The percentage of Hispanics continues to increase among newly hired federal employees, and also as a share of the government workforce, but that group remains underrepresented in the federal workplace, according to a report issued Monday.

The percentage of Hispanics among new hires in federal agencies rose from 7.0 to 7.5 percent over 2013-2014, and they now make up 8.4 percent of the federal workforce, the Office of Personnel Management said.

The on-board percentage has increased steadily from 6.5 percent in 2000, following initiatives by the current and prior administrations to reach out to the Hispanic community in recruiting efforts.
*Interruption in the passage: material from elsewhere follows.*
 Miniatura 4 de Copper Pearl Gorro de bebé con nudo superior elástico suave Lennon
Among the 24 largest departments and agencies, 19 increased their percentage of Hispanic employees, none posted declines and five were unchanged from 2013 to 2014, OPM said.

“The data shows that we continue to make steady progress in improving the representation of Hispanics in Federal service. The numbers also indicate that agencies that have made the recruitment and retention of Hispanics an important part of hiring and inclusion have shown more progress,” acting OPM director Beth Cobert said in a blog post.
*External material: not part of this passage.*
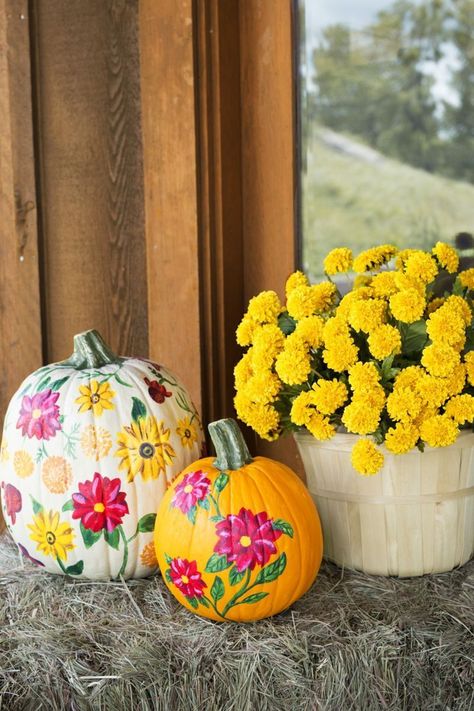 Easy Pumpkin Painting Ideas, Easy Pumpkin Painting, Fall Porches, Creative Pumpkin Decorating, No Carve Pumpkin Decorating, Pumpkin Monogram, Pumpkin Painting Ideas, Pumpkin Topiary, Handmade Charlotte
The Department of Homeland Security and the Social Security Administration have the highest percentages of Hispanics, 21.2 and 15.1 percent, and also the highest percentages of newly hired employees, 18.3 and 13.3 percent.

The report said the federal workforce is now 64.6 percent white, 19.3 percent black, 8.4 percent Hispanic, 6 percent Asian/Pacific Islander and 1.7 percent American Indian/Alaskan Native.
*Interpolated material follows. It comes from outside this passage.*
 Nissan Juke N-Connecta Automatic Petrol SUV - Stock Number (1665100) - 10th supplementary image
The report did not contain figures on the American workforce as a whole, although a separate demographic report by OPM in early 2014 said that whites make up 65.4 percent of the civilian labor force, blacks 10.1 percent, Hispanics 14.2 percent, Asian/Pacific Islanders 4.9 percent and American Indian/Alaskan Natives 0.9 percent—with the remainder in that count identified as multi-racial.

The earlier report noted that the percentage of Hispanics in the overall American workforce drops to 10.8 percent when only U.S. citizens are counted; citizenship generally is a requirement for a federal job.

Among the Senior Executive Service, the highest level attainable by most career employees, Hispanic representation was 4.4 percent in 2014, up from 4.1 percent in 2013, with new hires increasing from 3.5 to 5.5 percent.